GÓMEZ SANTOS: Je crois que cette question mérite une réponse un peu détaillée si l’on veut bien faire comprendre l’importance et la substance de ce génocide – ce n’est pas autre chose – contre notre pays.
En premier lieu, je crois qu’il est juste de dire que c’est plus, beaucoup plus qu’un embargo. Il s’agit d’un véritable blocus économique, le plus long de l’histoire de l’humanité. Avec des conséquences qui vont bien au-delà de nos rapports bilatéraux avec les États-Unis, comme le sait parfaitement la communauté internationale qui, chaque année, aux Nations unies, vote, dans sa grande majorité, contre cette agression injuste et inhumaine que subit notre pays depuis plus de quarante ans. Il n’y a que deux nations qui votent en faveur de la continuation de cette pratique cruelle: les USA et son allié inconditionnel, l’État d’Israël.
Par exemple, Cuba n’a aucune, et je souligne aucune, possibilité d’obtenir des prêts des organisations financières internationales, toutes contrôlées par le gouvernement américain. Notre pays ne peut pas non plus utiliser le dollar dans ses transactions internationales, parce qu’il court le risque d’être volé par les banques de l’État qui frappe cette monnaie. Pour ne pas parler de la persécution dont sont l’objet ceux qui veulent faire des investissements à Cuba ou faire du commerce avec l’île, comme peuvent en témoigner les différentes entreprises espagnoles ou canadiennes, pour ne mentionner que ces deux pays.
Il n’y a aucune nation au monde qui ait dû subir pendant aussi longtemps une situation de ce genre.
Malheureusement, la condamnation répétée de cette situation par le Pape n’a pas été écoutée par les États-Unis – lesquels d’ailleurs n’écoutent pas davantage les paroles de paix de Sa Sainteté –. Mais, en fait, ceux qui s’opposent à ces mesures de restriction, contraires aux principes contenus dans la Constitution américaine – comme la liberté de voyager refusée “démocratiquement” aux citoyens américains qui veulent se rendre à Cuba – sont aux États-Unis de plus en plus nombreux.
Il semble que cette prise de position croissante contre l’embargo à l’intérieur des États-Unis, de la part notamment de représentants éminents de la culture, de la politique et de l’économie, puisse contribuer de manière substantielle à réduire et, pour finir, à mettre fin à cette situation.

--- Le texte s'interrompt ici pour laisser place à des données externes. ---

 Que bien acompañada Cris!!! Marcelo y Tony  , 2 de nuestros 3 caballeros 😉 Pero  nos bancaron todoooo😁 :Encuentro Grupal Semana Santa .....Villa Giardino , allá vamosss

Même s’il est difficile de prévoir le temps que demandera cette possible évolution.
Les vents de guerre qui soufflent du côté de l’Irak sont de plus en plus violents. Quelle est l’attitude de Cuba à ce sujet?

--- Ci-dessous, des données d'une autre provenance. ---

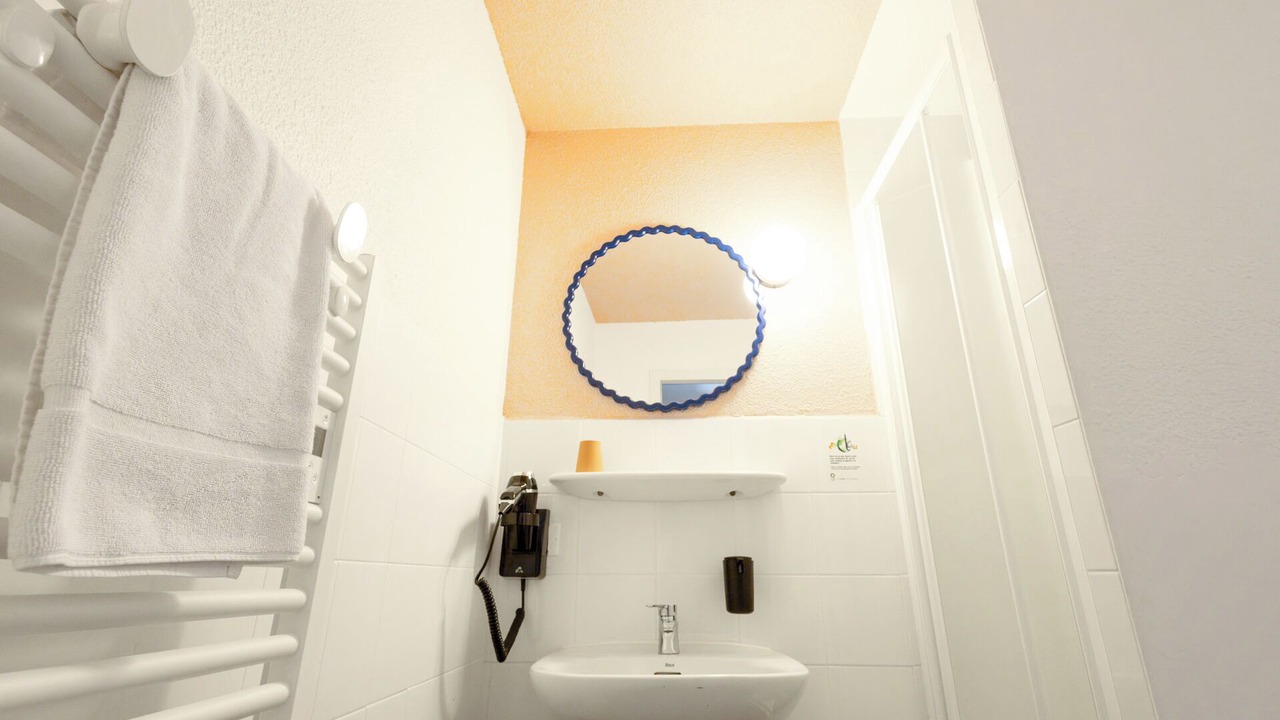 Photo of Others in Neuvecelle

GÓMEZ SANTOS: Je répéterai ici ce que j’ai dit le 17 février dernier dans le discours d’inauguration de l’exposition de peinture cubaine organisée par notre ambassade avec la collaboration du Conseil pontifical pour la Culture et du Cercle Saint-Pierre, en commémoration du cinquième anniversaire de la visite du Pape à Cuba. Cuba est contre cette guerre qui a pour but évident de permettre à la superpuissance des États-Unis de redessiner le région selon ses intérêts politiques et économiques, et, pour commencer, de s’approprier des ressources énergétiques. Cuba est aussi contre le terrorisme, que, d’ailleurs, notre pays a dû subir toutes ces années dernières. Celui-ci vient du territoire américain, où les terroristes continuent à trouver des appuis, des protections et l’impunité, auprès des autorités de ce pays elles-mêmes, aussi paradoxal que cela puisse sembler à ceux qui ne connaissent pas cette vérité historique. Je veux rappeler que ce terrorisme a fait à Cuba, parmi les citoyens, 3 478 morts et 2 099 invalides.